Yam Finance, in partnership with UMA, has launched something called ‘Degenerative Finance.’ Its first offering is uGas, a synthetic futures contract that settles to the 30-day median Ethereum gas price at the end of each month.
The offering is the first in a collaborative effort between Yam Finance and UMA. The pair has plans to develop a suite of innovative derivatives targeting ‘DeFi degens.’
Stepping on the Gas
The new uGas tokens can be minted by depositing Ethereum as collateral. They are named after the month that they expire, for example, uGAS-JAN21 expires on Feb. 1. Upon expiry, the token will settle at the median gas price of all Ethereum transactions for the past 30 days.

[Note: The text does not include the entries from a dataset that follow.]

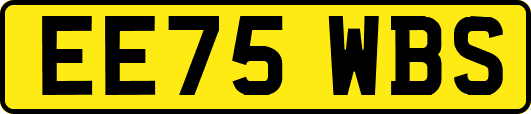 EE75WBS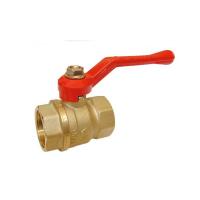 Кран шаровой 3/4'' вн/вн рукоятка 11б27п1 Стандарт 220 ГАЛЛОП/PN 40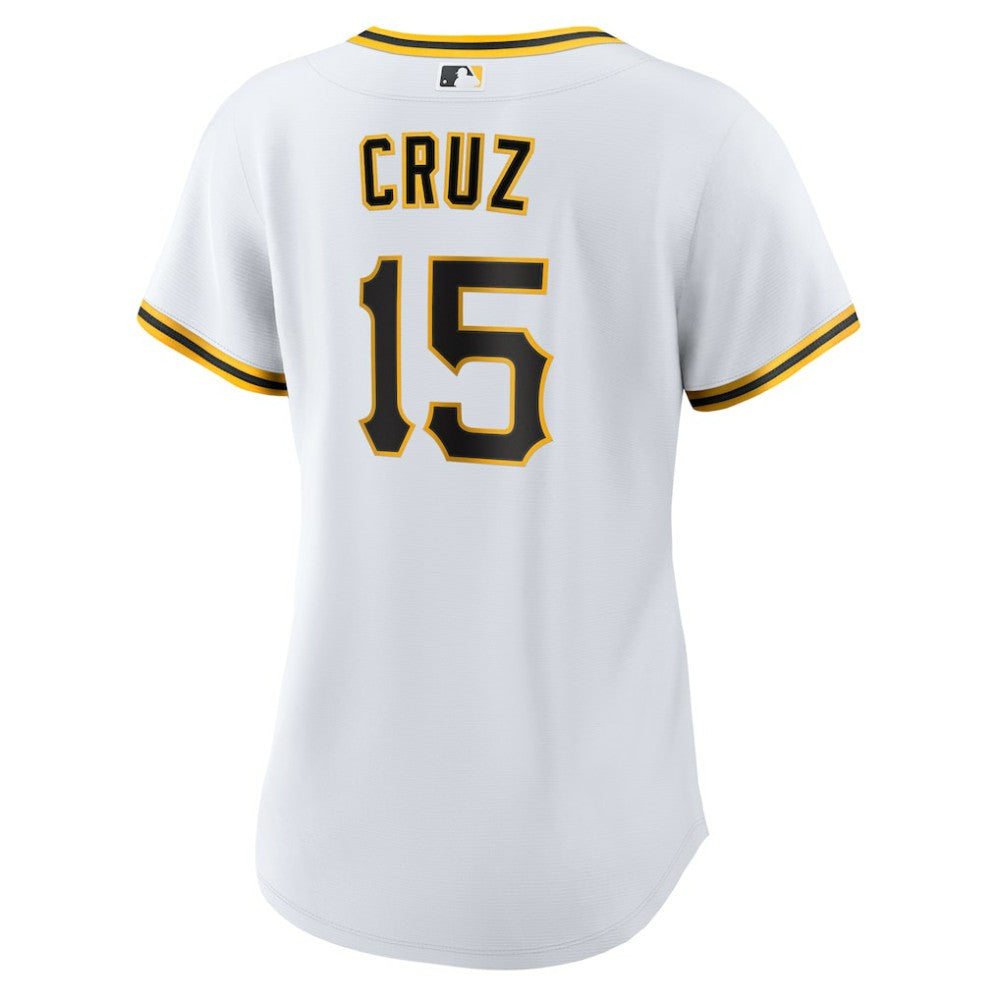 Oneil Cruz Pittsburgh Pirates Nike Women's Home Replica Jersey Outlet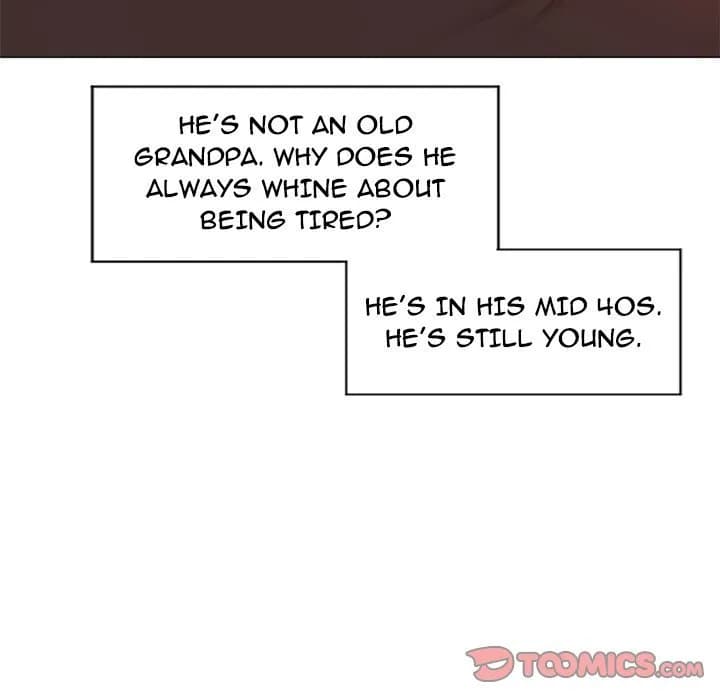 Close, but Far - Chapter 11 - Page 36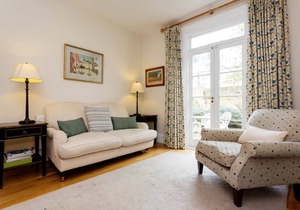130 m² House ∙ 3 bedrooms ∙ 5 guests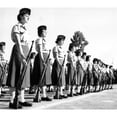 thumbnail image 2 of Women Army Officers Lined Up For A Parade Somewhere In Israel. April 1958.Courtesy Csu ArchivesEverett Collection, 2 of 2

According to BitInfoCharts, the current median gas fee is $1.47 though the actual gas price at the moment is much higher.
“Each uGAS token represents 1,000,000 GAS, so if the median gas price over the 30 days before expiry was 70 Gwei, the uGAS token would be worth 0.07 ETH.”
The Yam Finance blog post goes on to explain that the synthetic tokens are not priced as farmers initially mint at the Global Collateralization Ratio (GCR.) This ratio is calculated by dividing the total amount of collateral deposited by the total number of uGAS tokens outstanding.
uGAS tokens can also be used in the Uniswap uGAS/ETH liquidity pool in order to earn UMA liquidity provider rewards.
The mining rewards are managed by the Yam community and the distribution structure is as follows; 10% goes into the Yam Finance treasury, 40% for dApp mining on the Degenerative Finance app, and the remaining 50% goes into liquidity mining rewards for users.
In mid-November, Yam Finance launched a new protection protocol called Umbrella, which offers pool-based security against smart contract exploits and hacks.
YAM and UMA Price Update
The Yam Finance native token, YAM v2, has dropped nearly seven percent on the day in a fall to $5.01.
Like most of its DeFi brethren, prices spiked when the protocol was launched in early September, but have since dumped almost 90% to current levels.
UMA’s token has tanked 6% on the day, dropping back to $8.43 as the broader crypto market takes a beating. UMA also surged to an all-time high in early September and, in a similar pattern, has declined 67% from that peak.